• [TASK INSTRUCTIONS]: Could you print exactly the lines of the listing below, starting at the line that has "SKÅL, porslin, Kina 1900-tal." and ending at the line that has "Rainforest Retreat and Holiday Park", and only those lines?

• [GIVEN INFORMATION]:
◆ ◆ ◆ ◆ ◆

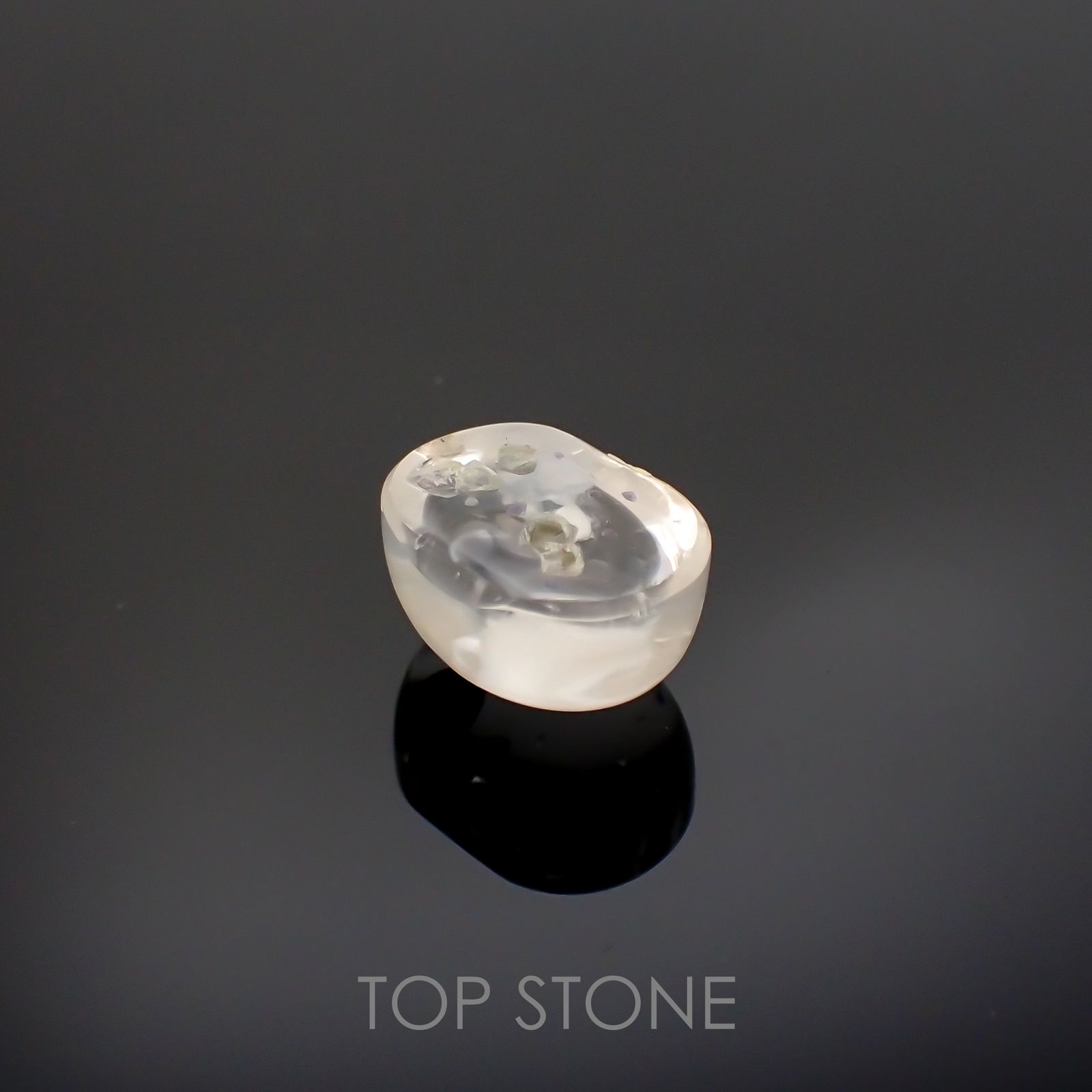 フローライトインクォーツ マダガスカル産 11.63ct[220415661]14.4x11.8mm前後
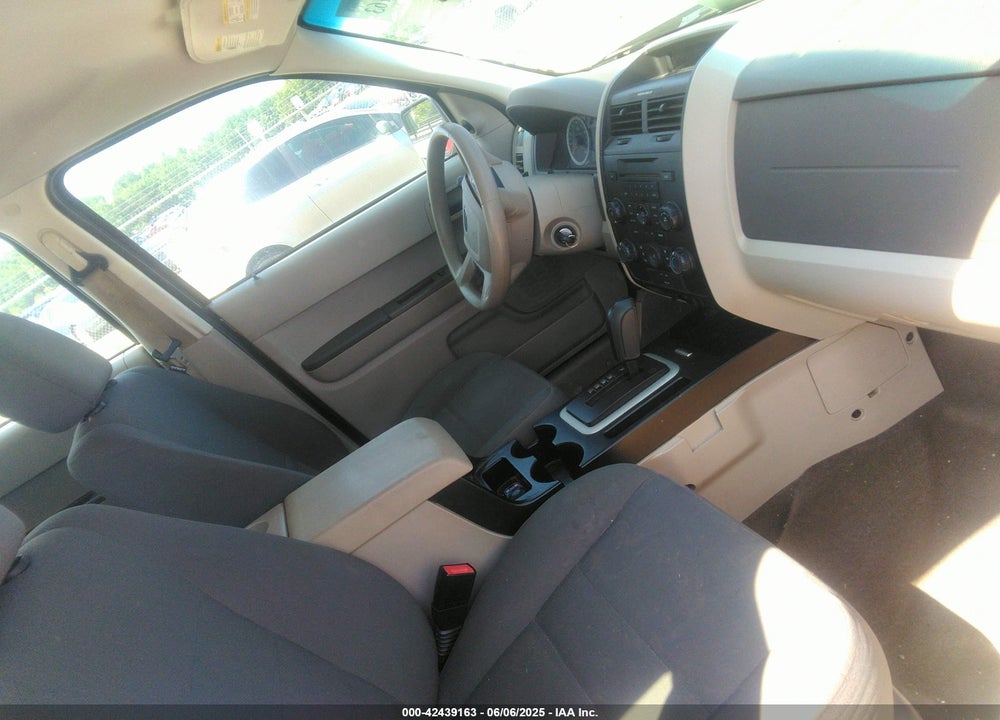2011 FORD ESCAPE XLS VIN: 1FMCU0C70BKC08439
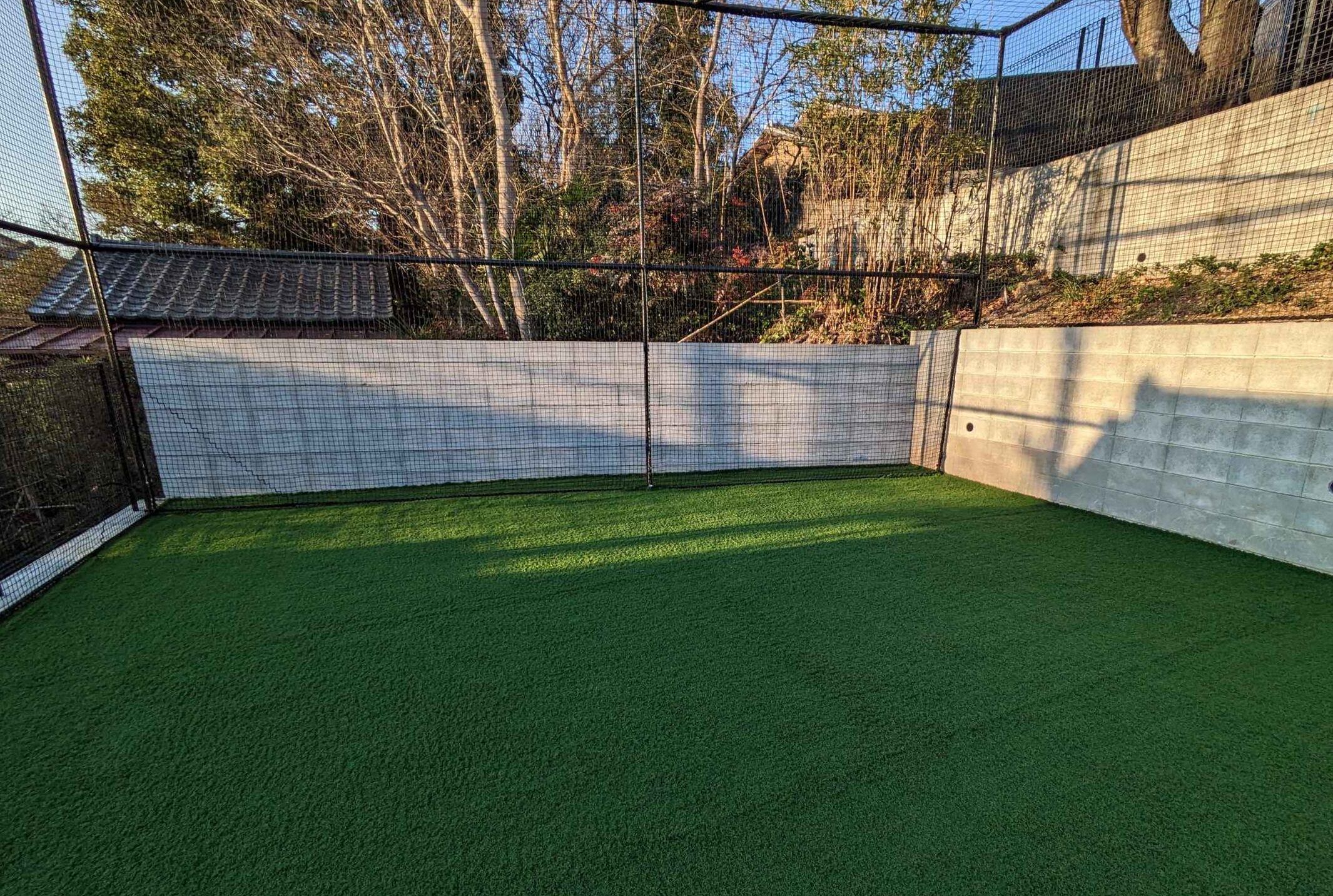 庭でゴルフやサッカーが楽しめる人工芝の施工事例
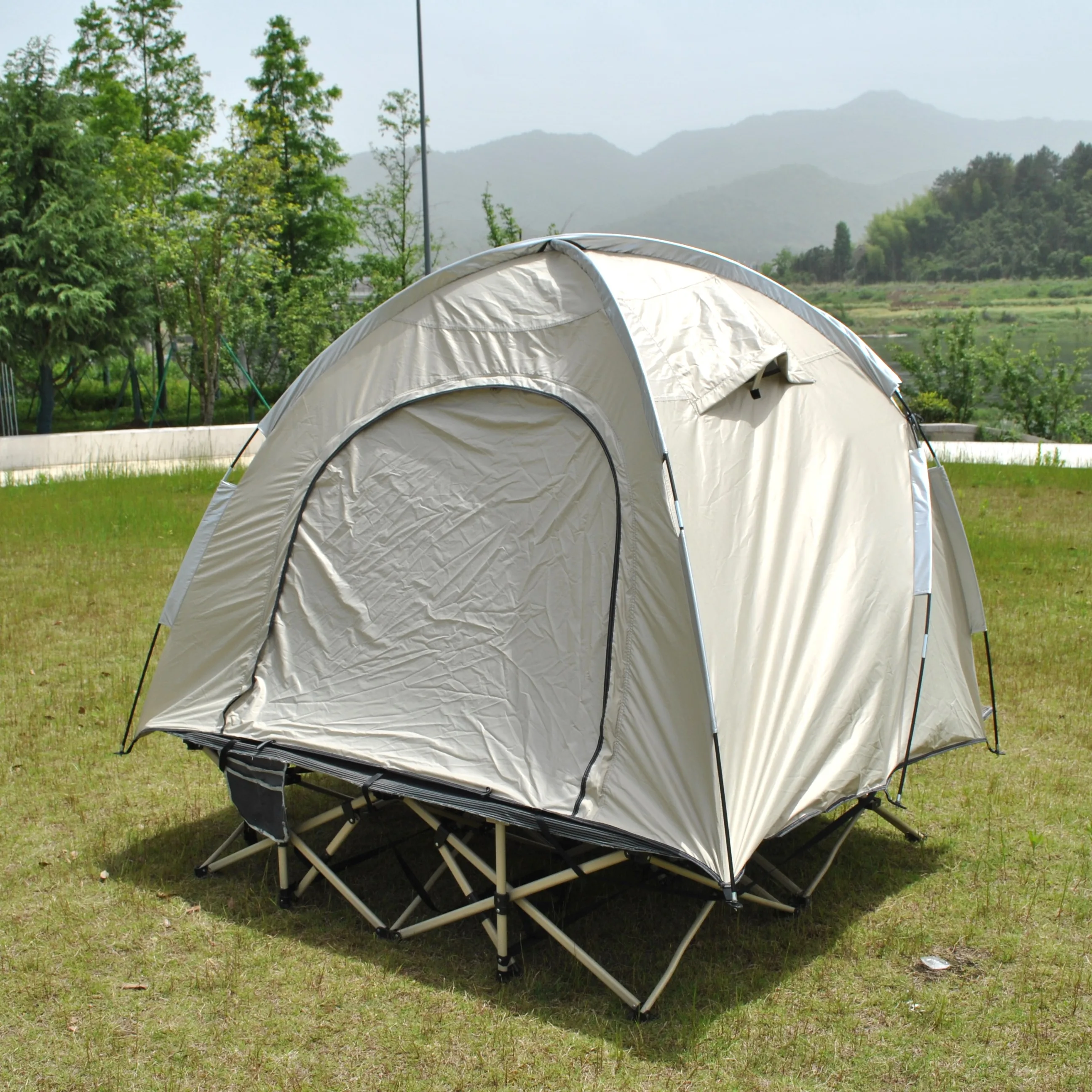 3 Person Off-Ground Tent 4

◆ ◆ ◆ ◆ ◆

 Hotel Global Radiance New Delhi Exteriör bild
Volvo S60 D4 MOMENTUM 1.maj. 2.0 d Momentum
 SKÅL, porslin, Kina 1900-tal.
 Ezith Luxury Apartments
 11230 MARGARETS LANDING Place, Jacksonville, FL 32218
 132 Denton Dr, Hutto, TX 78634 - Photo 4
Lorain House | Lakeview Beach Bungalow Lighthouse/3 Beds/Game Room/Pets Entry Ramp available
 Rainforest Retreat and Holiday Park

◆ ◆ ◆ ◆ ◆

• [TASK OUTPUT]:
 SKÅL, porslin, Kina 1900-tal.
 Ezith Luxury Apartments
 11230 MARGARETS LANDING Place, Jacksonville, FL 32218
 132 Denton Dr, Hutto, TX 78634 - Photo 4
Lorain House | Lakeview Beach Bungalow Lighthouse/3 Beds/Game Room/Pets Entry Ramp available
 Rainforest Retreat and Holiday Park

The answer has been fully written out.